Читая Михаила Кузькина-Воронецкого, невольно сам начинаешь чувствовать подъем и просветление в душе, словно и тебя коснулась частица света, озарившего чью-то жизнь на склоне лет. И хотя у этого чувства нет юношеской восторженности, беззаботности, а больше тревоги, смятения — все равно невольная волна ответной благодарности, доброй зависти и жажды прекрасного возникает в сердце.

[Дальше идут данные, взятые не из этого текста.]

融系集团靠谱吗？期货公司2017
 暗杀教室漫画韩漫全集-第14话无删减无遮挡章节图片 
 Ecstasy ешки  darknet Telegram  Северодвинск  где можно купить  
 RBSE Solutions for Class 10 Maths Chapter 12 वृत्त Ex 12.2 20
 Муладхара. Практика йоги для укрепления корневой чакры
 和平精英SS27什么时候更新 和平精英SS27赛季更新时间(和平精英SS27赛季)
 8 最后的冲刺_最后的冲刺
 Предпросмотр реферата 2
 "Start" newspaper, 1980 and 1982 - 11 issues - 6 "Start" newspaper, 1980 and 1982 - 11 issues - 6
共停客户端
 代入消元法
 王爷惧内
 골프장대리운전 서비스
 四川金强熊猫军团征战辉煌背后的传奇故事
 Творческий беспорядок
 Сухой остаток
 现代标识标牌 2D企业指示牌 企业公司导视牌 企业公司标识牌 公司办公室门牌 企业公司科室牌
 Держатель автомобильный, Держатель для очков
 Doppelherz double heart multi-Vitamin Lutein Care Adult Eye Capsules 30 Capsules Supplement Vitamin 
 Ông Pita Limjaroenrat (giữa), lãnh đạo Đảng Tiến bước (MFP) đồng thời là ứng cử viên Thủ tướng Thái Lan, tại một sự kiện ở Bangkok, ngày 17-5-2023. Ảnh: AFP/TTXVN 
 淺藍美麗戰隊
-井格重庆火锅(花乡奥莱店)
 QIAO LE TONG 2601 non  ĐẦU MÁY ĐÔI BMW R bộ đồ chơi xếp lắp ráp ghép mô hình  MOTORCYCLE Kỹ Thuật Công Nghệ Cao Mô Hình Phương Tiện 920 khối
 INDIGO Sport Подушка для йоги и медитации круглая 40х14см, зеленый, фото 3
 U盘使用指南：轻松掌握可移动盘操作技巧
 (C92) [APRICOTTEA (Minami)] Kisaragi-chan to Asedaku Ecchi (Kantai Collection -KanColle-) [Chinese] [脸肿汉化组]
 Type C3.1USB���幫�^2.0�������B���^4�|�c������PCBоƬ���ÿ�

А какое самоуглубление произошло в самом поэте и как от этого окреп голос его! Нет вроде бы ни «степной экзотики», ни внешних примет пейзажа, а читаешь — и захватывает дыхание, ибо сам сопереживаешь, сам ты уже вовлечен в стихию чувств, движение головокружительного, счастливого и тревожного полета:
Разбудила меня тишина.
Память с явью напрасно боролась:
Еще долго ловила она
Твой из сна исчезающий голос.
Я сентябрьскую вижу твою
Прядь волос у лица… Неужели
Не приснилось тебе, что стою
У твоей безмятежной постели?
Как, впадая опять в забытье,
Целовал твои тихие руки,
Как нашептывал имя твое,
Просветленное болью разлуки?
Ах, какой очистительный сон!
Что за странная тайна сокрыта
В том, что был я на миг вознесен
Над пределами нашего быта?
Словно вышел, минуя года,
Я во времени том недалеком,
Где не будет у нас никогда
Ни размолвок, ни ссор, ни упреков…
Ловлю себя на желании читать и читать кому-нибудь стихи Михаила Кузькина-Воронецкого, делиться радостью их открытия, цитировать их, повторять. Но стихи все-таки лучше всего читать самому, то есть каждому, кто любит истинную поэзию, делать это по отдельности.